[Short web captions]
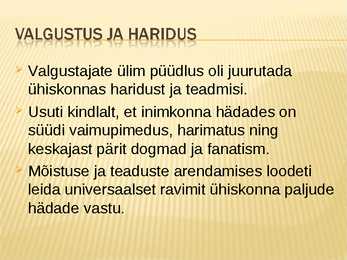 Valgustusfilosoofia #6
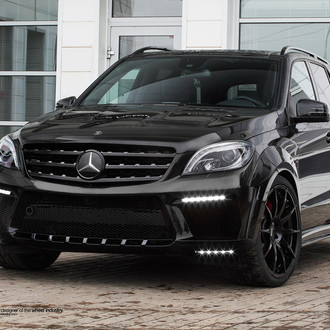 Widebody Mercedes M-Class on Black ADV1 Rims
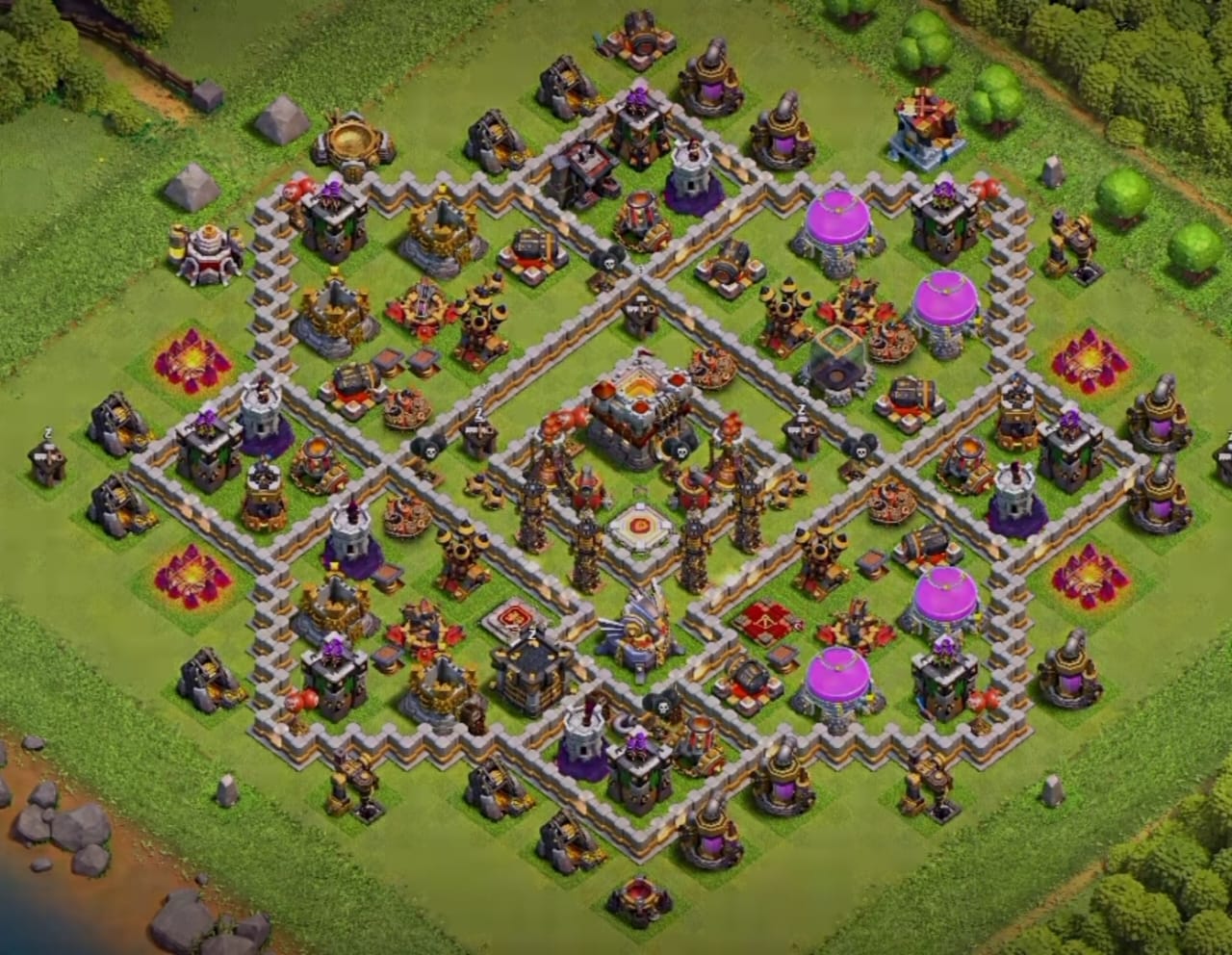 Town Hall 11 Trophy Base Link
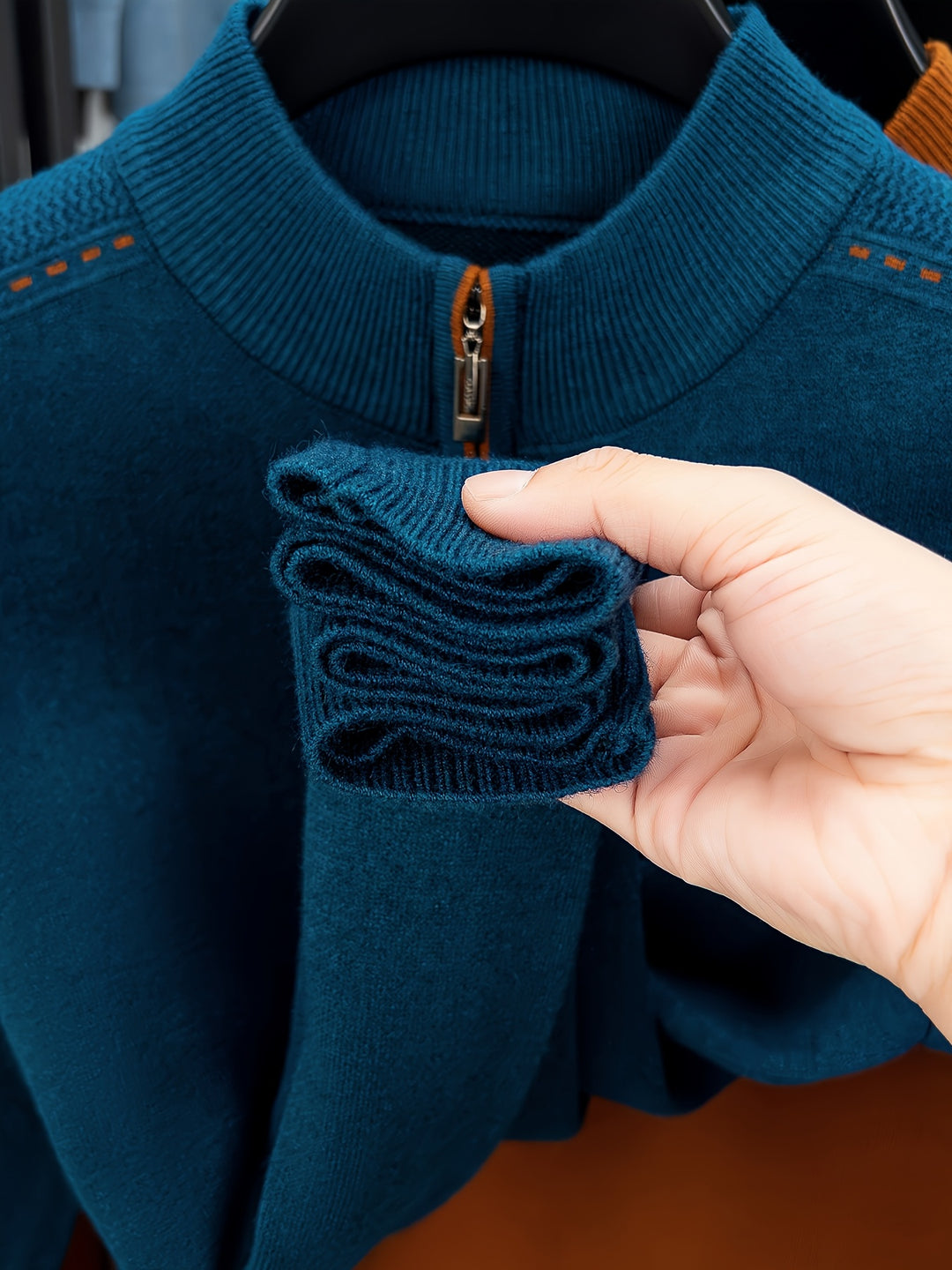 Malcolm | Half-Zip Knit Sweater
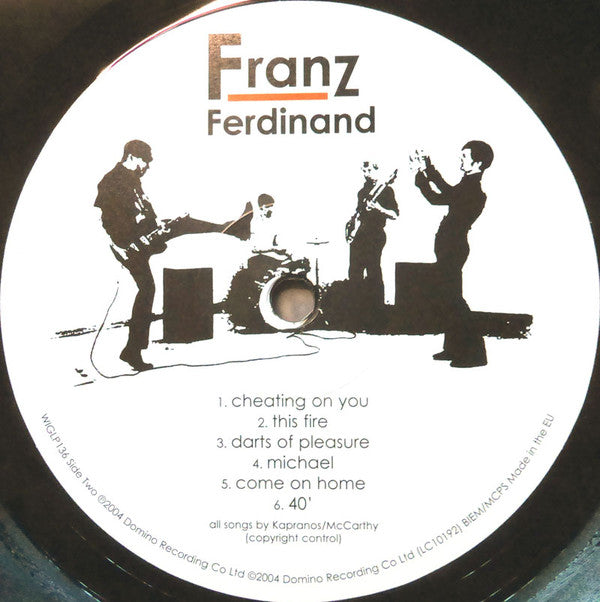 Franz Ferdinand : Franz Ferdinand (LP, Album, RE, Emb)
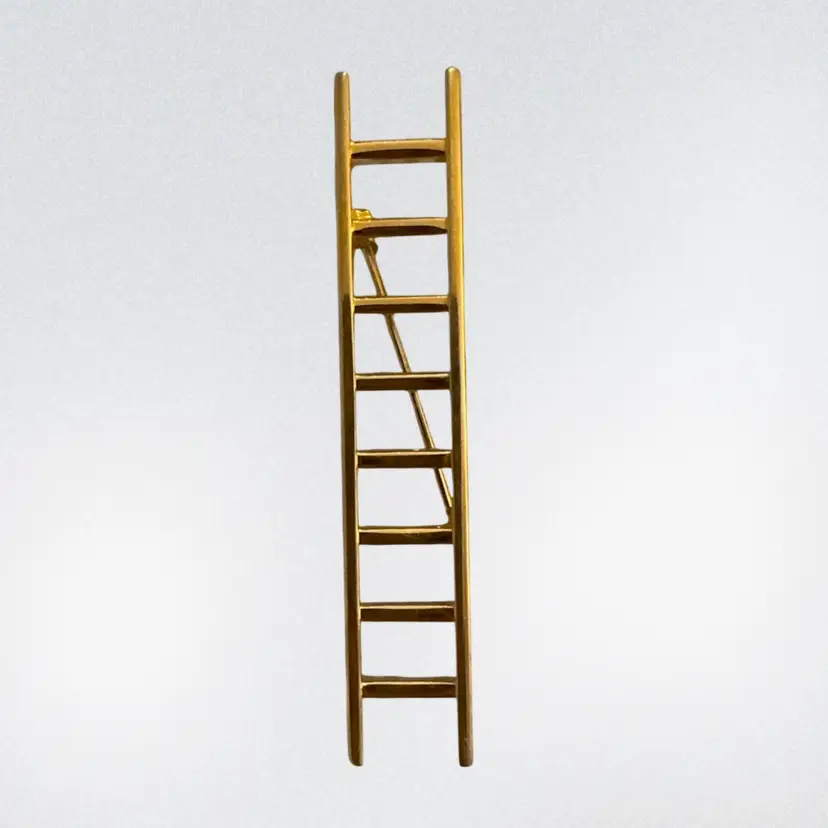 Gold Tone Ladder Brooch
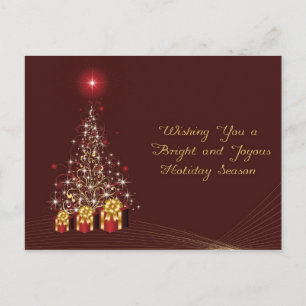 Cartes Pour Fêtes Annuelles Arbre de Noël étincelant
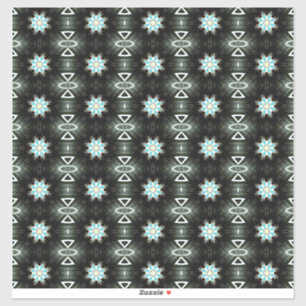 Blaustern auf schwarz aufkleber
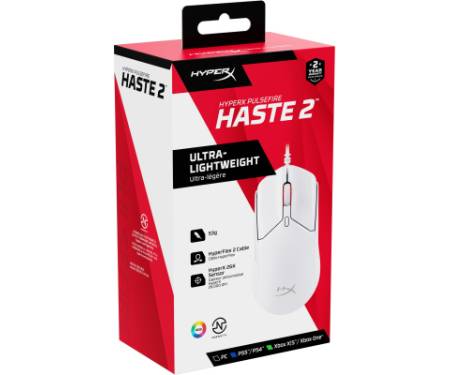 Мишка HyperX Pulsefire Haste 2 USB White (6N0A8AA)
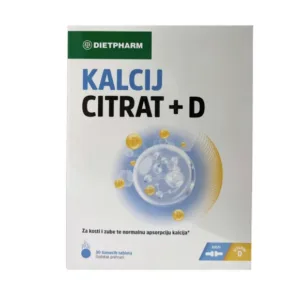 DIETPHARM KALCIJ CITRAT+D 30 ŠUMEĆIH TABLETA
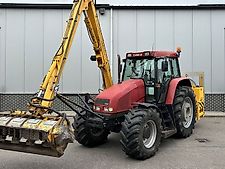 Case IH CS110 TRACTOR MET HERDER MAAIARM
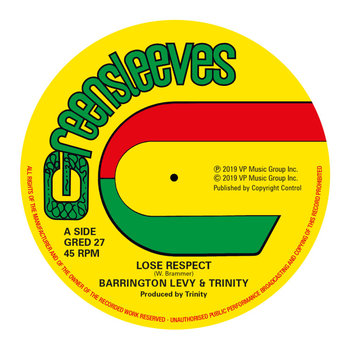 Lose Respect / Since You're Gone - Barrington Levy, Roman Stewart & Trinity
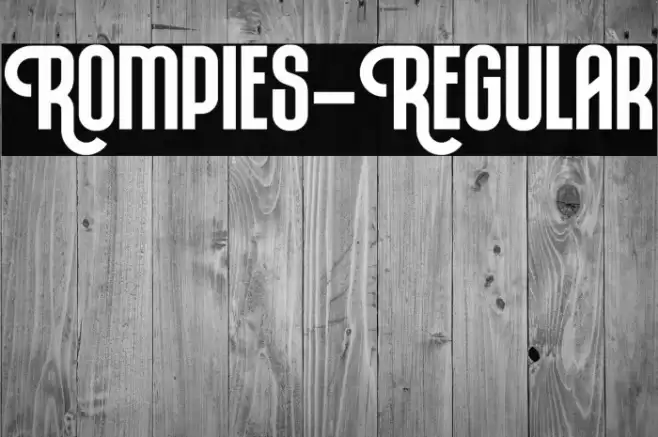 Rompies-Regular Font examples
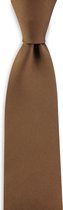 JB Collection - Stropdassen - stropdas bruin smal - bruin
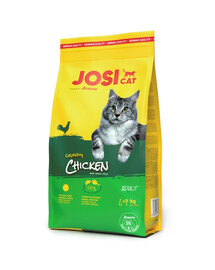 JOSERA JosiCat Crunchy Chicken 1,9kg mit Geflügel für ausgewachsene Katzen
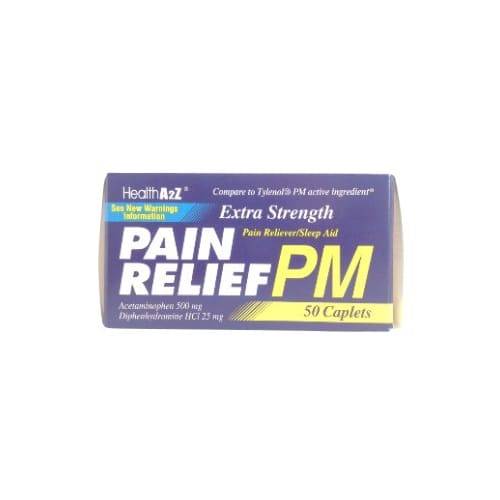 Healtha2z Extra Strength Pm Pain Reliever 500 mg (50 caplets)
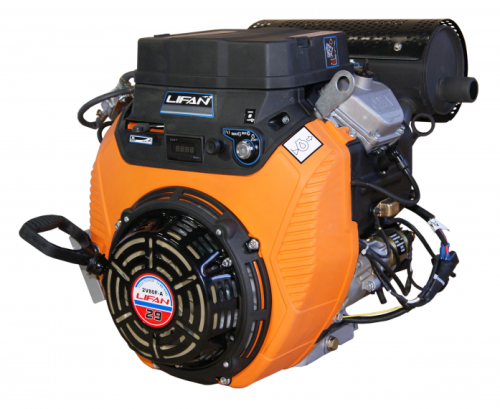 Двигатель LIFAN 29л.с.4Т, 25мм. (к-т вариатор,выхлоп,рама,масло)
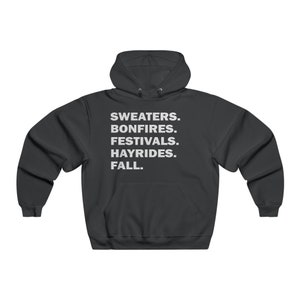 Fall Feelz Trendy Hooded Sweatshirt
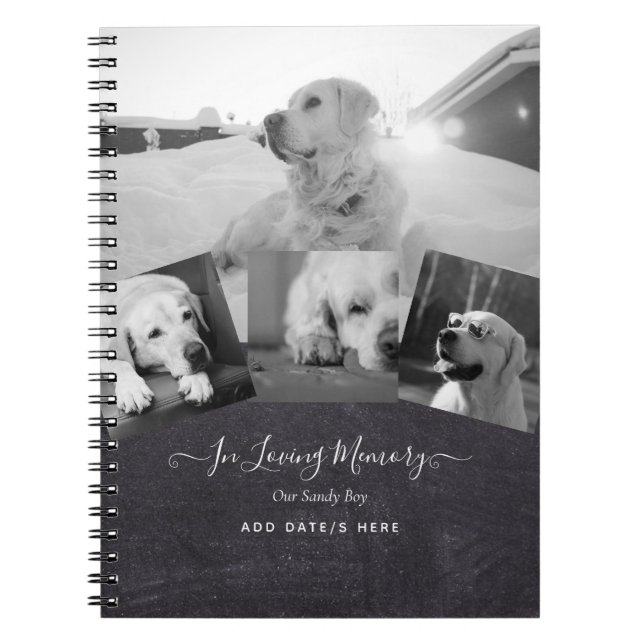 Cuaderno Regalo conmemorativo de perro de la foto - Collage (Frente)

▶ How to complete this task:
Write out exactly the lines beginning with the line that holds "Case IH CS110 TRACTOR MET HERDER MAAIARM" and ending with the final line of the data, both ends included, without the pictures.

▶ Exercise output:
 Case IH CS110 TRACTOR MET HERDER MAAIARM
 Lose Respect / Since You're Gone - Barrington Levy, Roman Stewart & Trinity
 Rompies-Regular Font examples
 JB Collection - Stropdassen - stropdas bruin smal - bruin
 JOSERA JosiCat Crunchy Chicken 1,9kg mit Geflügel für ausgewachsene Katzen
 Healtha2z Extra Strength Pm Pain Reliever 500 mg (50 caplets)
 Двигатель LIFAN 29л.с.4Т, 25мм. (к-т вариатор,выхлоп,рама,масло)
 Fall Feelz Trendy Hooded Sweatshirt
 Cuaderno Regalo conmemorativo de perro de la foto - Collage (Frente)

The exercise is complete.